Exactly as they appear below, repeat the lines from the one with "workplace rules. Tweet" through the one with "Уточненный График соревнований на 11-12 мая". Drop every picture.

========================================

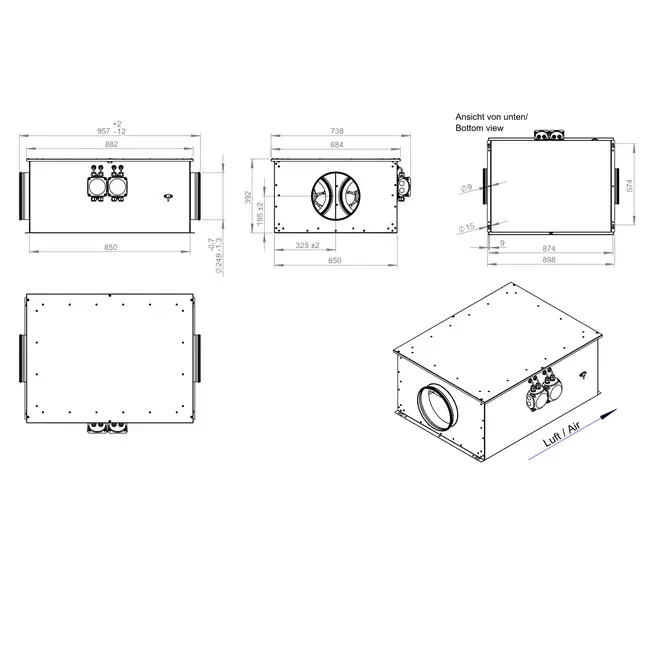 Tube fan 250 mm insulated energy efficient - EM DUO 250 EC K 02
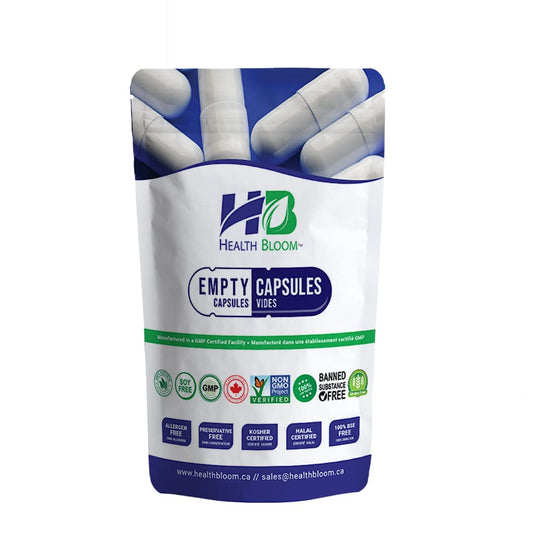 Pack of Health Bloom empty capsules on a white background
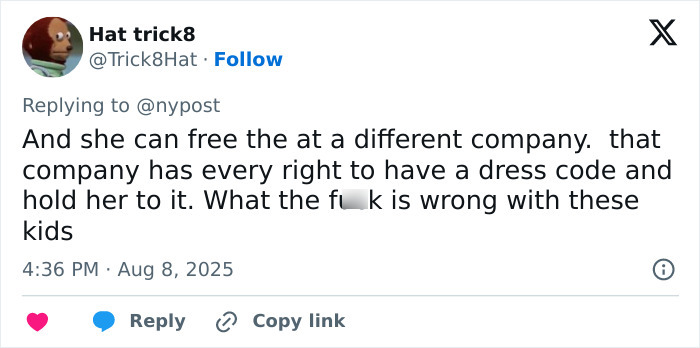 Tweet expressing frustration over Gen Z worker dress code debate, highlighting opinions on office dress codes and workplace rules. Tweet expressing frustration over Gen Z worker dress code debate, highlighting opinions on office dress codes and workplace rules.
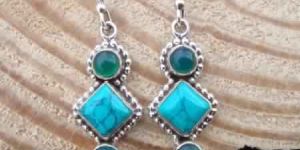 TURQUOISE HAND CRAFTED 925 STERLING SILVER DANGLE EARRINGS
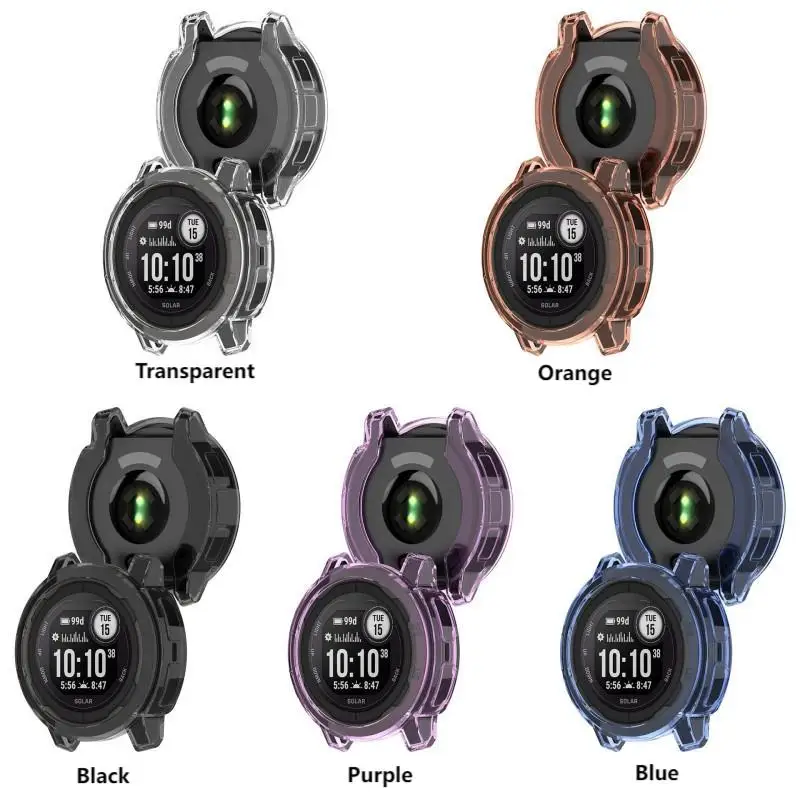 Clear Soft TPU Hollow Case for Garmin Instinct Crossover Protective Smart Watch Strap Silicone Bumper Protector Shell Accessoies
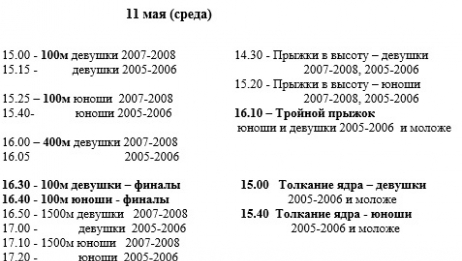 Уточненный График соревнований на 11-12 мая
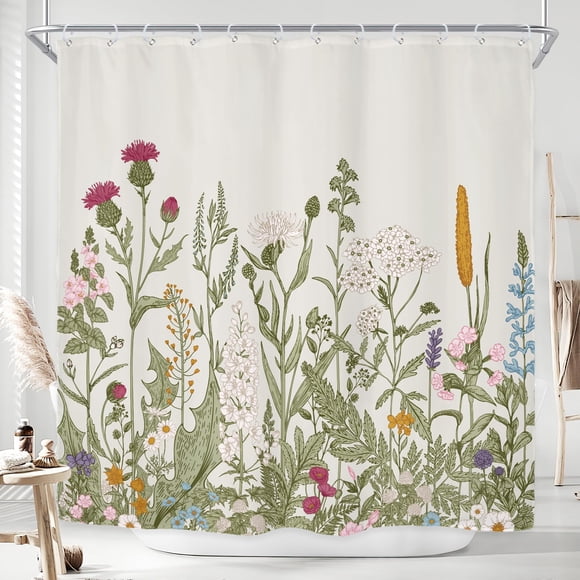 Riyidecor Cortina de ducha botánica de flores silvestres para decoración de baño, 72.0 x 72.0 in, flores florales, plantas, hierbas, hojas verdes salvia, juego decorativo de baño, accesorios de tela i
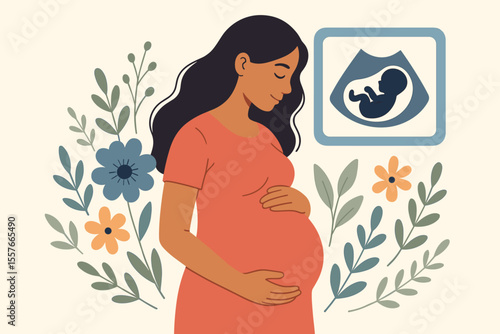 Pregnant woman holding belly surrounded by flowers, modern flat vector illustration. Maternity, pregnancy, motherhood concept. Baby ultrasound icon, expecting mother, prenatal care design.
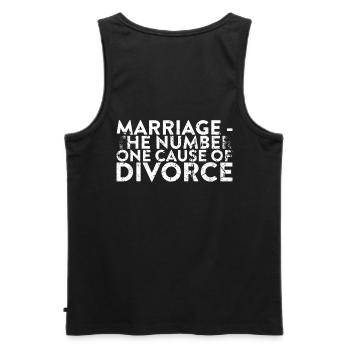 Marriage Is Reason for Divorce Number One - Men's Premium Organic Tank Top - black - Back - AI Model Male 178 light (178cm)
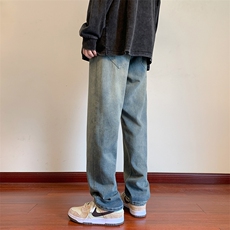 水洗牛仔裤男春季裤子阔腿直筒长裤N201*P40控68，男装牛仔裤，星座227-2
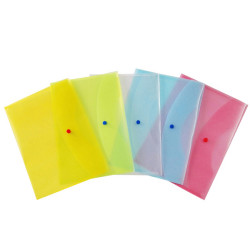 Busta con bottone - A4 - PP - colori assortiti - Starline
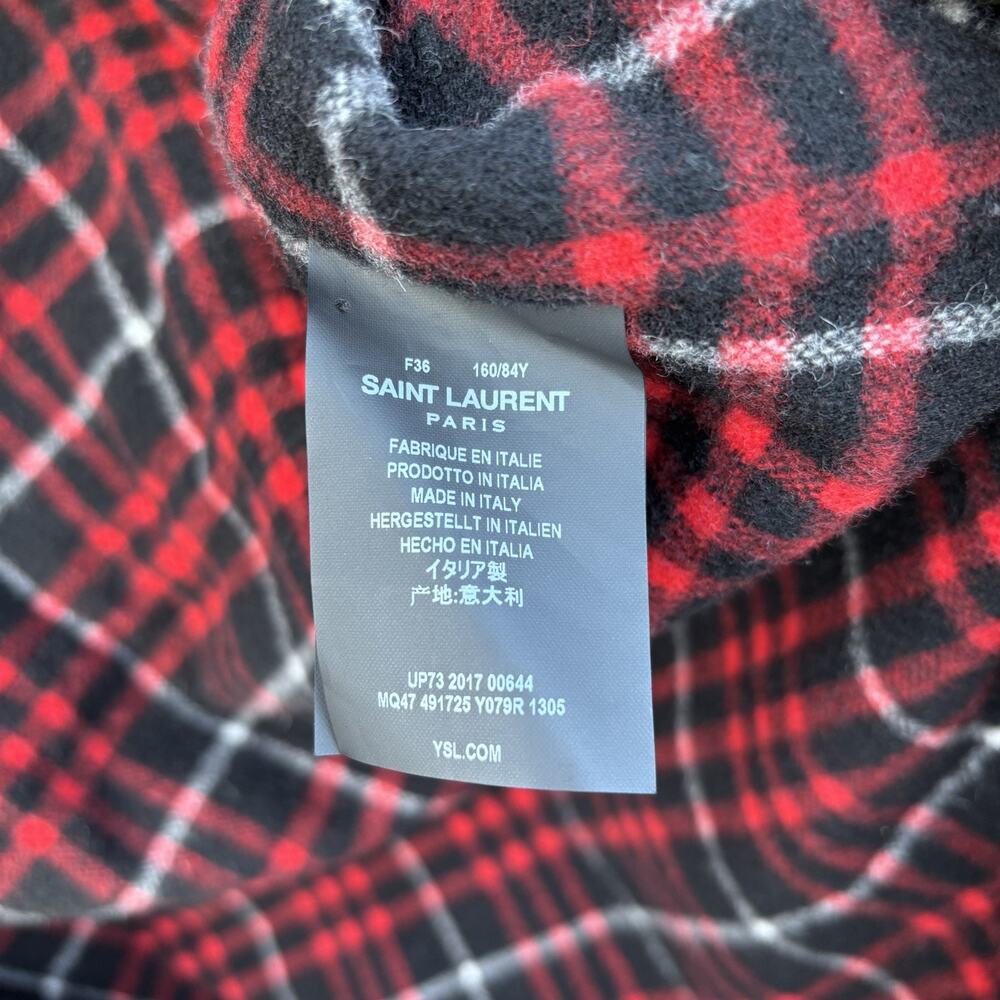 Saint Laurent Women’s Waxed Cotton Military Parka Jacket Army Green Sz 36 - Picture 8 of 12
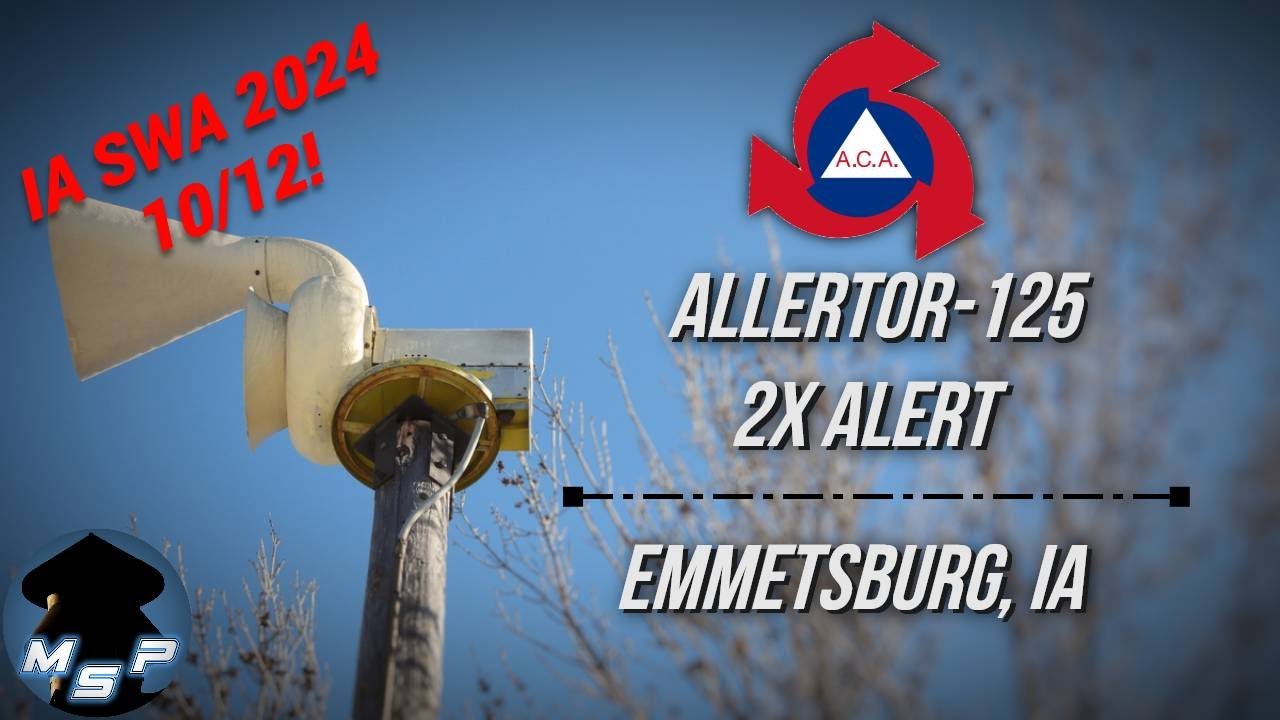 A.C.A. Allertor-125 Iowa Statewide Tornado Drill Test | 2X Alert | Emmestburg, IA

========================================

> _ANSWER TO THIS TASK_:
 Tweet expressing frustration over Gen Z worker dress code debate, highlighting opinions on office dress codes and workplace rules. Tweet expressing frustration over Gen Z worker dress code debate, highlighting opinions on office dress codes and workplace rules.
 TURQUOISE HAND CRAFTED 925 STERLING SILVER DANGLE EARRINGS
 Clear Soft TPU Hollow Case for Garmin Instinct Crossover Protective Smart Watch Strap Silicone Bumper Protector Shell Accessoies
 Уточненный График соревнований на 11-12 мая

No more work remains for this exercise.